Debug and run the node.
1. Configure debugging parameters. After you edit the code, you can click the Debugging Configurations tab in the right-side navigation pane of the configuration tab of the node to configure debugging parameters.
  1. In the Computing Resource section, specify a computing resource for tasks on the node to be debugged.
  2. In the DataWorks Configurations section, specify a resource group that is used to run tasks in DataWorks.
  3. If you defined variables in the ${Variable name} format in the node code, assign constants to the variables in the Script Parameters section.
2. Debug and run the node. After the configuration is complete, click Run in the top toolbar of the configuration tab of the node to run the node based on the debugging parameters configured on the Debugging Configurations tab.

Debug the auto triggered workflow

After the debugging is complete, debug the workflow.

Click the icon in the top toolbar of the configuration tab of the workflow. In the Enter runtime parameters dialog box, configure the Value Used in This Run parameter and click OK.
Click the nodes on the configuration tab of the workflow to view execution results.

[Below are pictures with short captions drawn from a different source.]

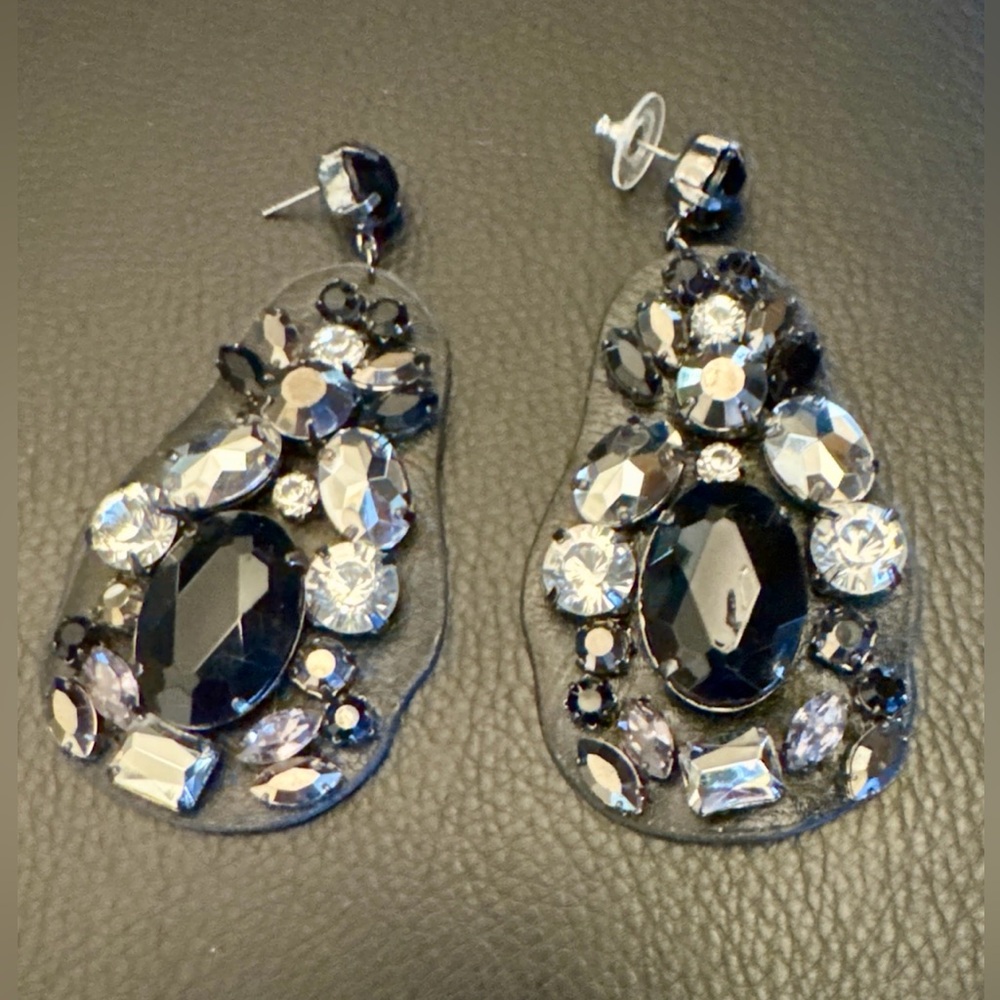 Prada Style Jeweled Earrings CrystalsLeather Stud  3” Long Glam Cocktail 80’s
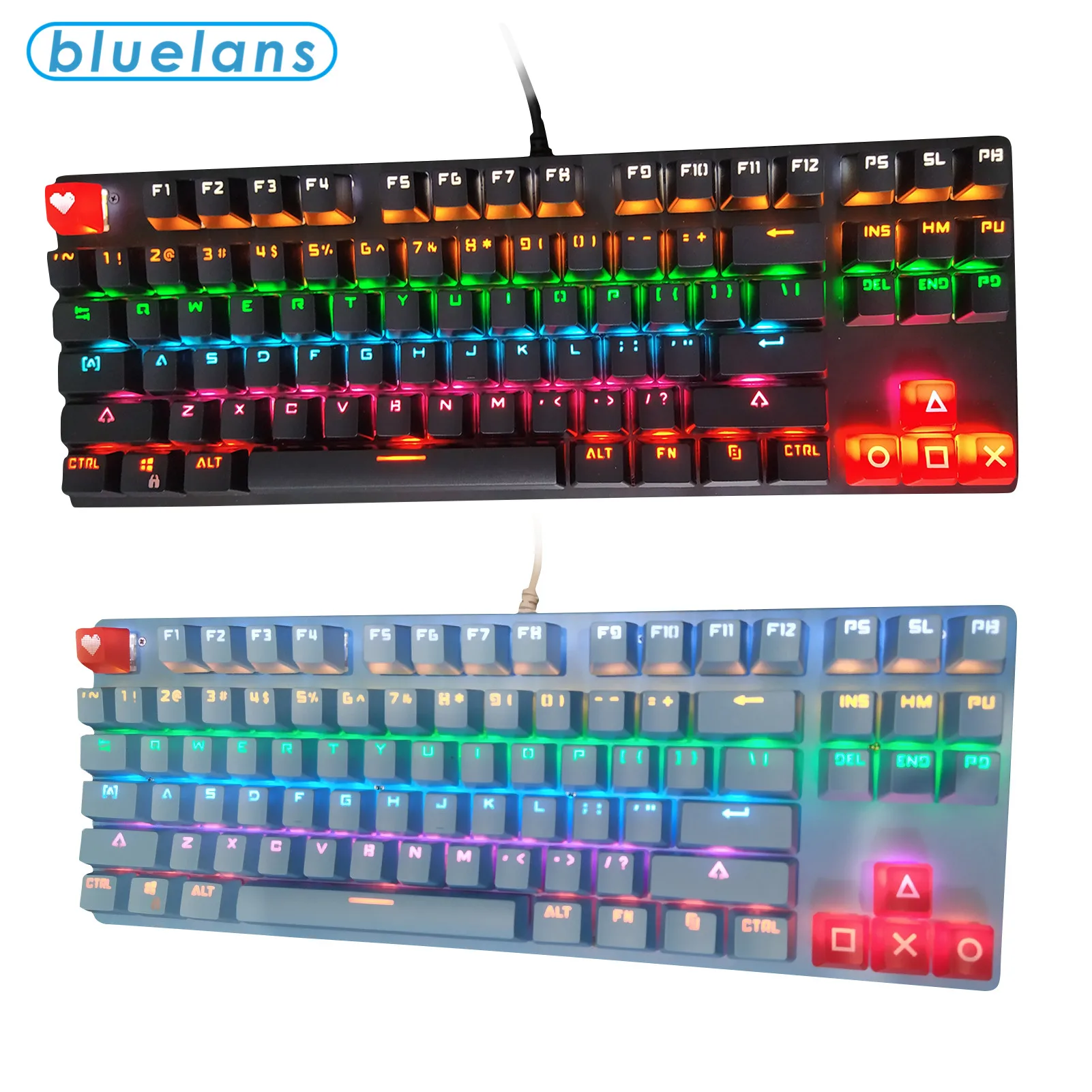 

Настольная 87 клавиш блестящая красная клавиатура с сердцем универсальная RGB подсветка Механическая USB Проводная игровая клавиатура механи...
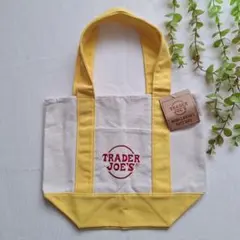 トレーダージョーズ　ミニキャンバストートバッグ　タグ付き　ミニ　イエローホワイト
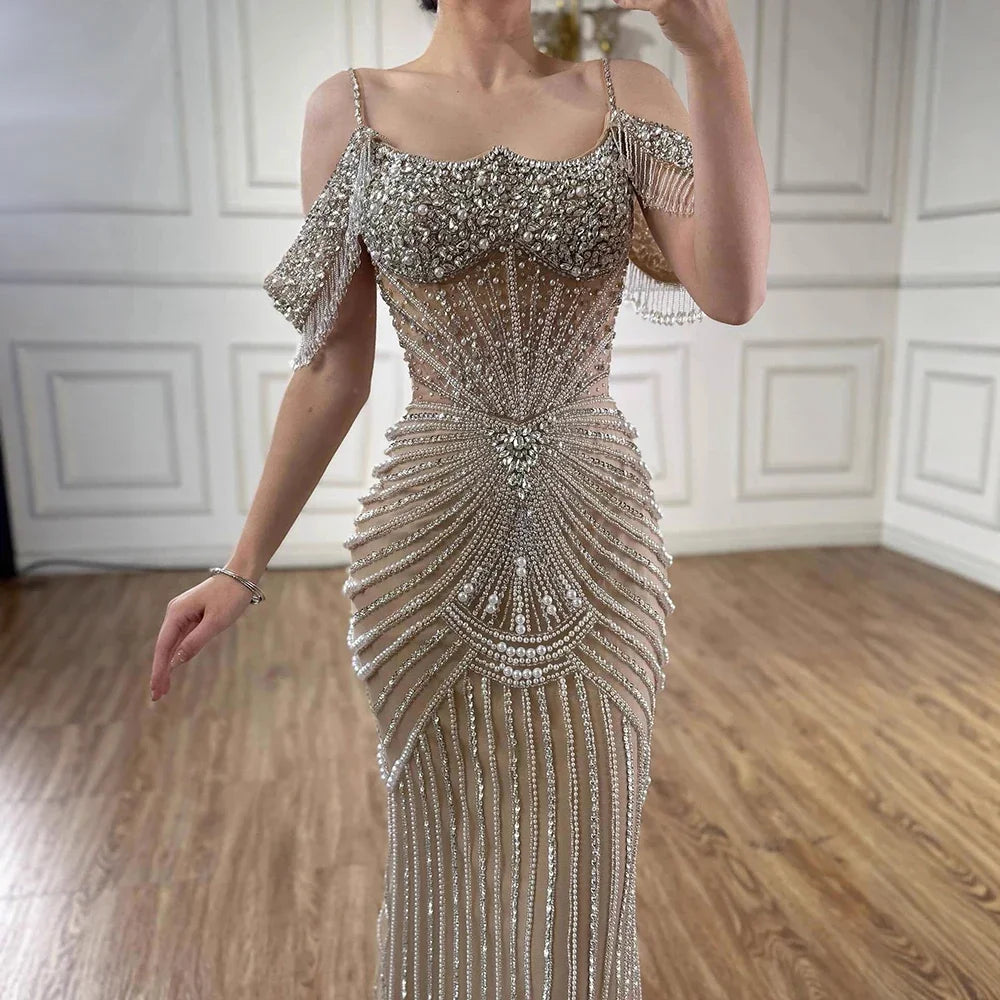 Serene Hill 2025 Customized Pink Off Shoulder Mermaid Evening Dress Luxury Beaded Party Gowns for Women DLA73148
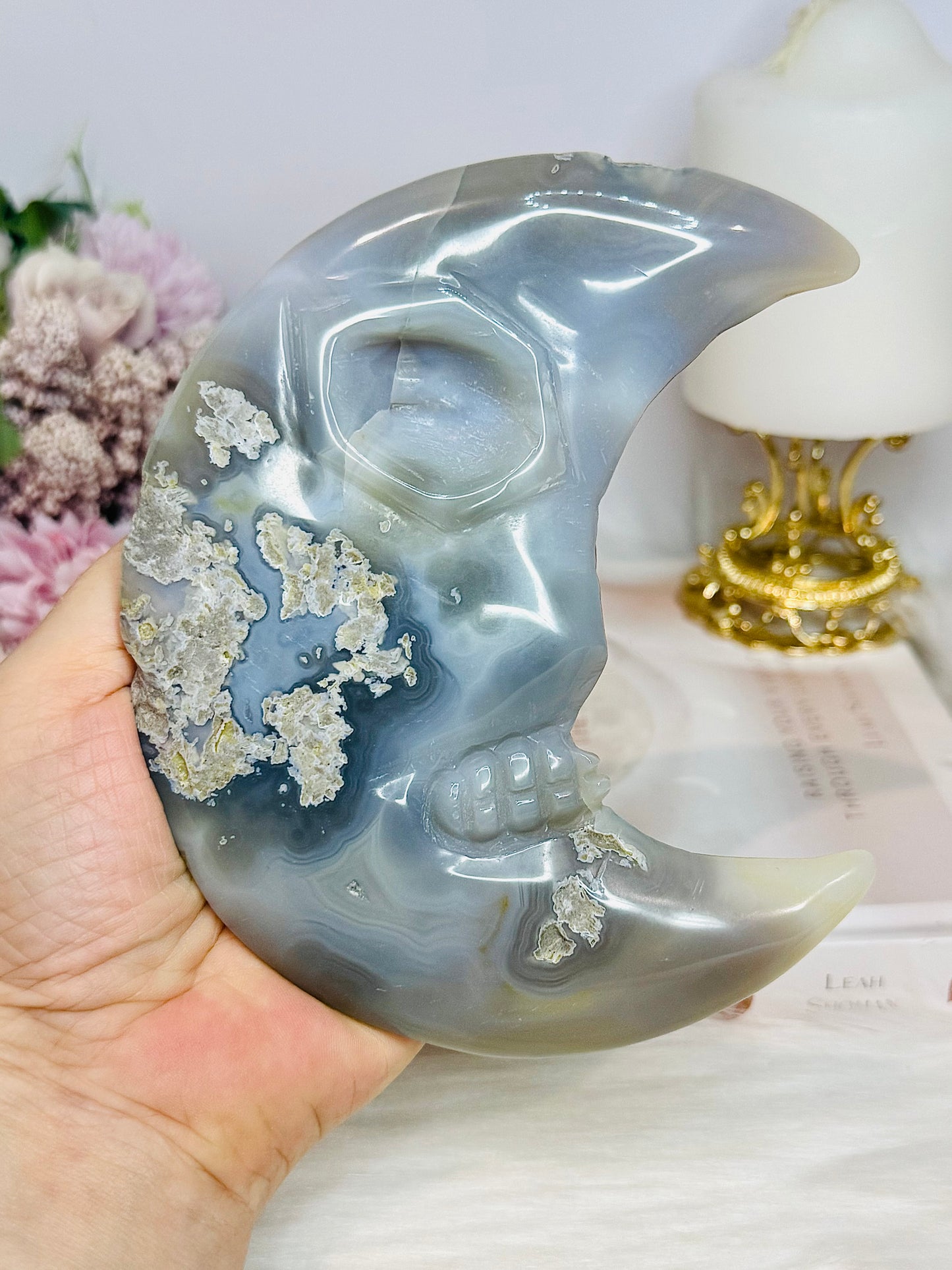 Large Druzy Agate Moon 13.5cm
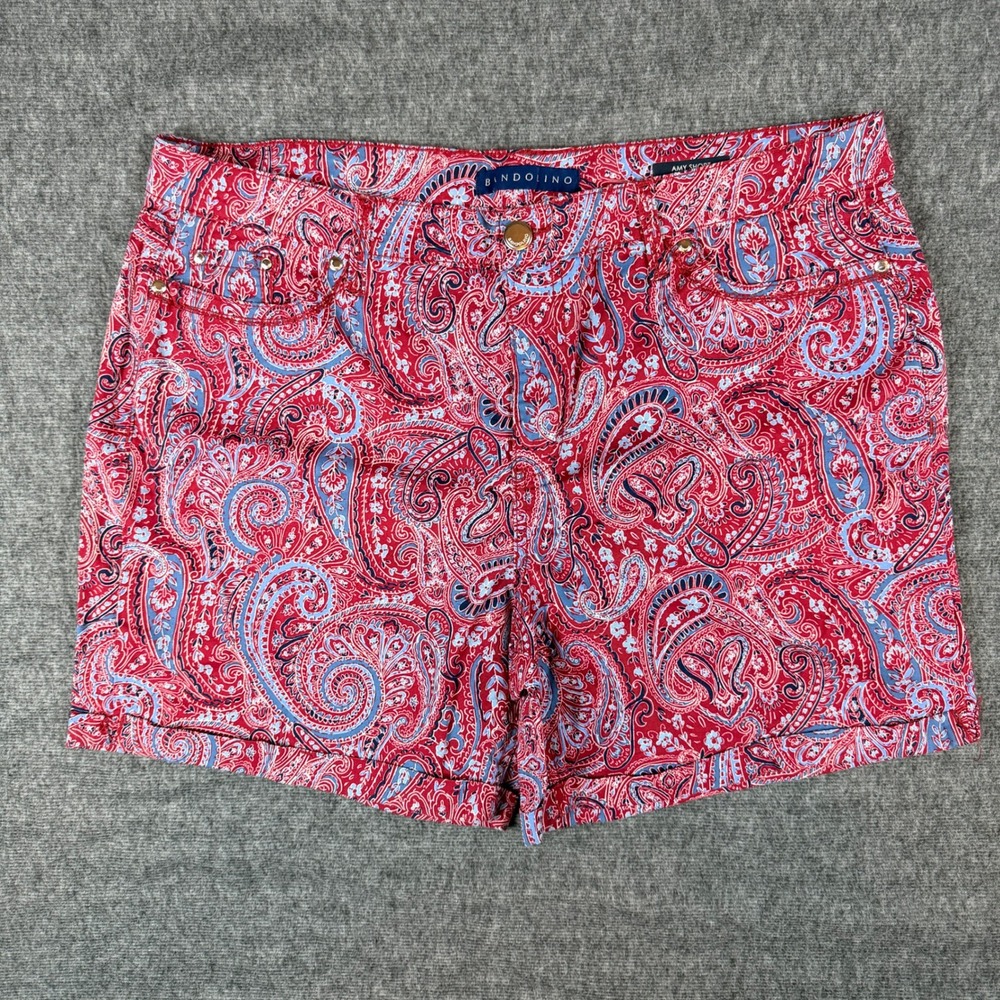 Bandolino Amy Short Womens 16 Red Blue Paisley Print Cuffed Casual Shorts M14372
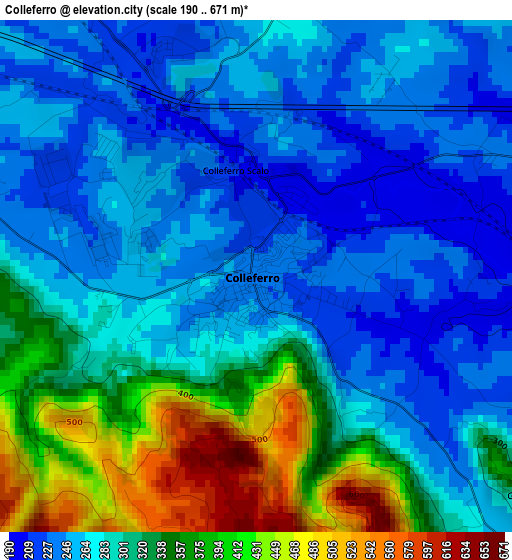 Colleferro elevation map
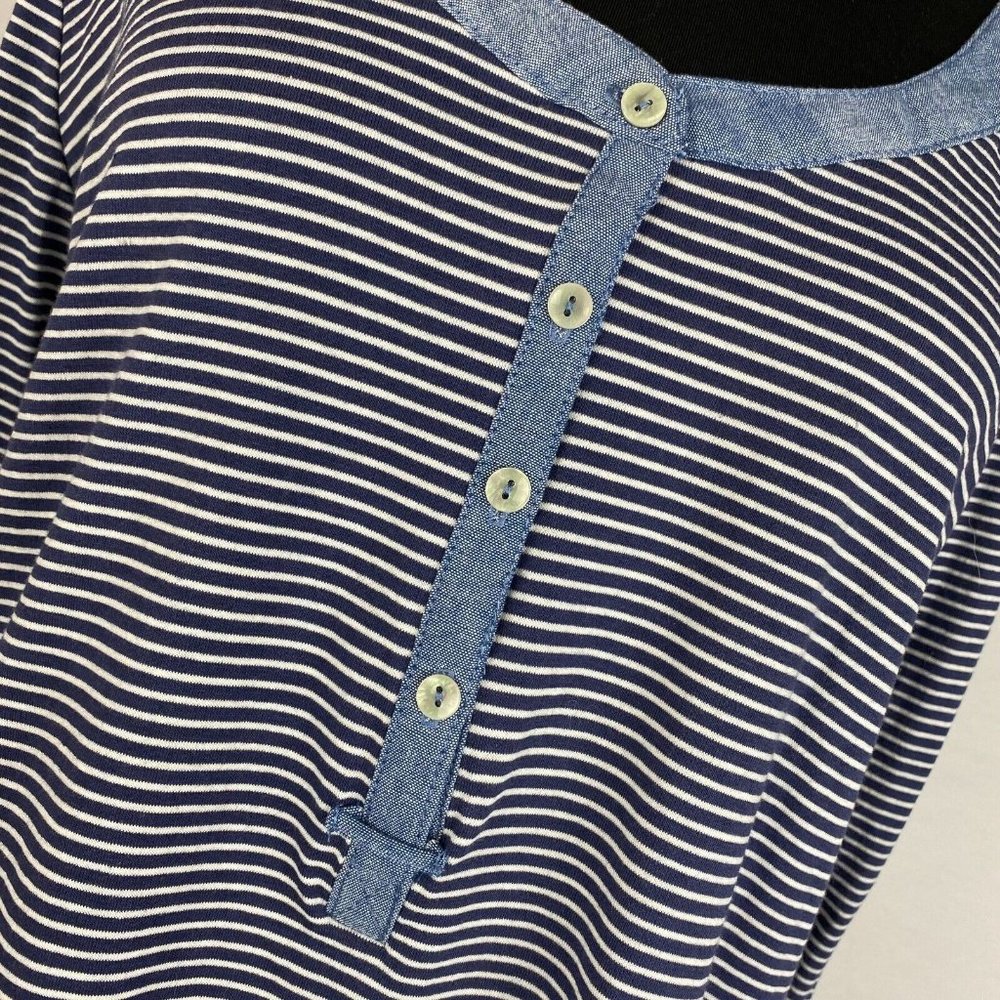 Thyme And Honey L Striped Partial Button Front He… - image 4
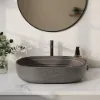 590mm Grey Oval Ceramic Bathroom Basin – Matte Glazed Vessel Basin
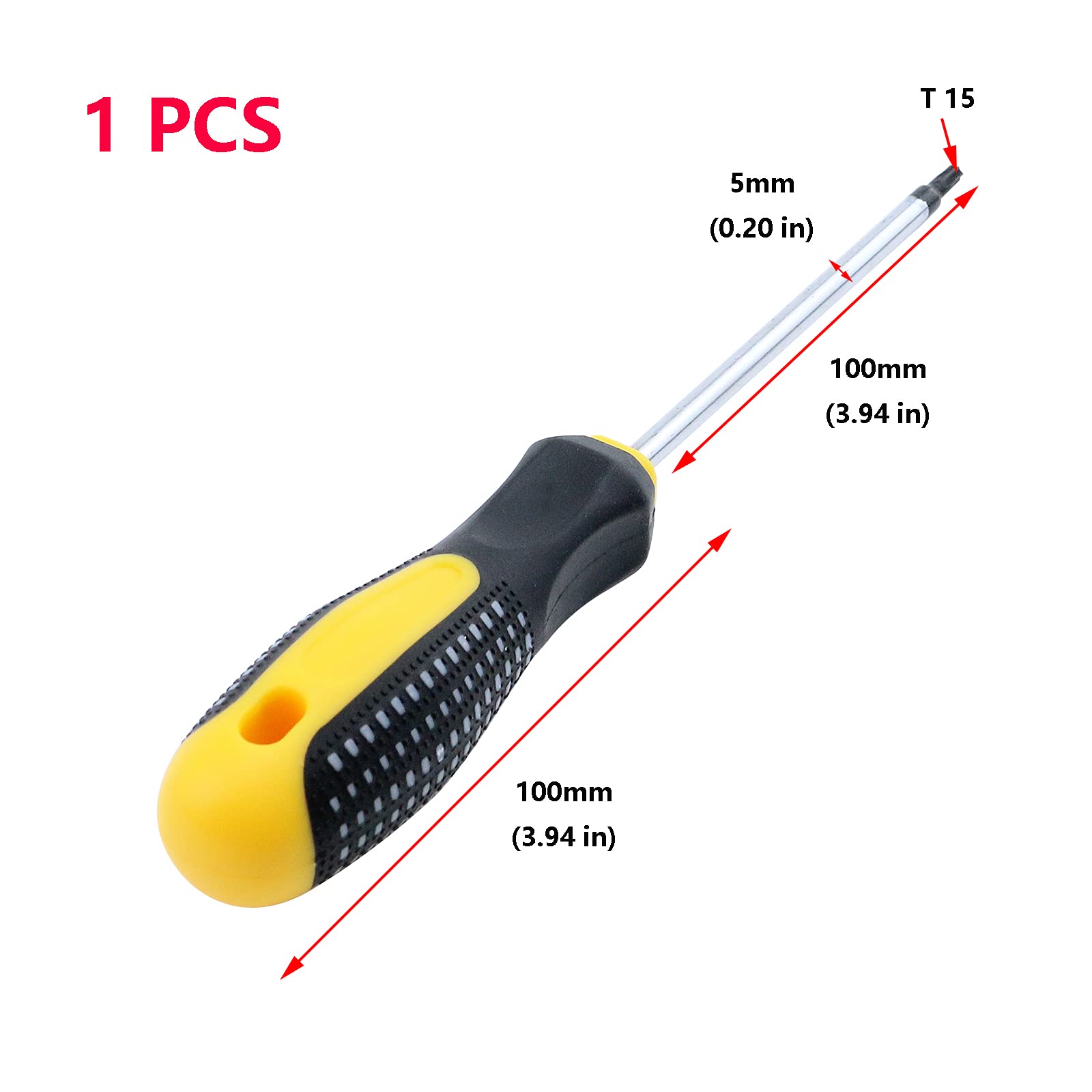 Antrader 4-Inch Plastic Handle T15 Magnetic Torx Screwdriver - Perfect for Electronics Repair, Automotive Maintenance & DIY Projects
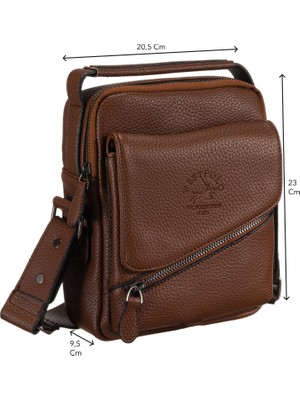 Westpolo Vegan Deri Fonksiyonel Bölmeli Erkek Omuz Çantası - Taba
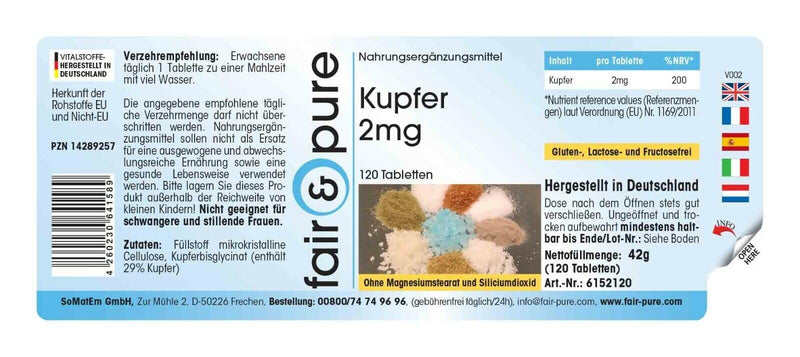 Fair & Pure® - Copper 2mg - Copper bisglycinate - vegan - 120 copper tablets - NewNest Australia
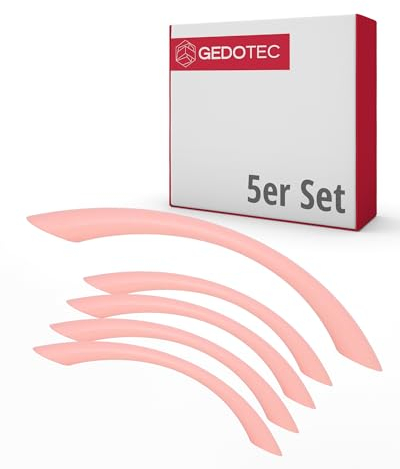 Gedotec Möbelgriffe für Kinderzimmer | Bohrabstand 128 mm | Farbe Pink | 5 Stück | Schubladengriffe Kunststoff | COLOUR | Türgriffe bunt | Möbelgriffe Kinder | schmale Griffe Möbel | Türgriffe Schrank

Deploy the auto triggered workflow

You can refer to the following procedure to define scheduling settings for a workflow and nodes in the workflow, and deploy the workflow to the production environment for periodic scheduling.

Configure scheduling settings for nodes in the workflow.
The procedure of configuring scheduling settings for nodes in a workflow is basically the same as that for common nodes. For more information, see Scheduling dependencies. Take note of the following items when you configure scheduling settings for nodes in a workflow:
- You do not need to separately configure a scheduling time for nodes in a workflow. Instead, you can configure the delayed execution time for nodes in a workflow. The delayed execution time indicates the duration by which the running of a node lags behind the running of the related workflow.
- The values of variables used in code of nodes in a workflow are assigned based on the scheduling time of the workflow.
Configure scheduling settings for the workflow.
Configure scheduling parameters, scheduling time, and scheduling dependencies for the workflow.
Deploy the workflow.
Click the icon in the top toolbar of the configuration tab of the workflow. On the DEPLOY tab, click Start Deployment to Production Environment. The workflow is deployed based on the check and deployment process. For more information, see Node or workflow deployment.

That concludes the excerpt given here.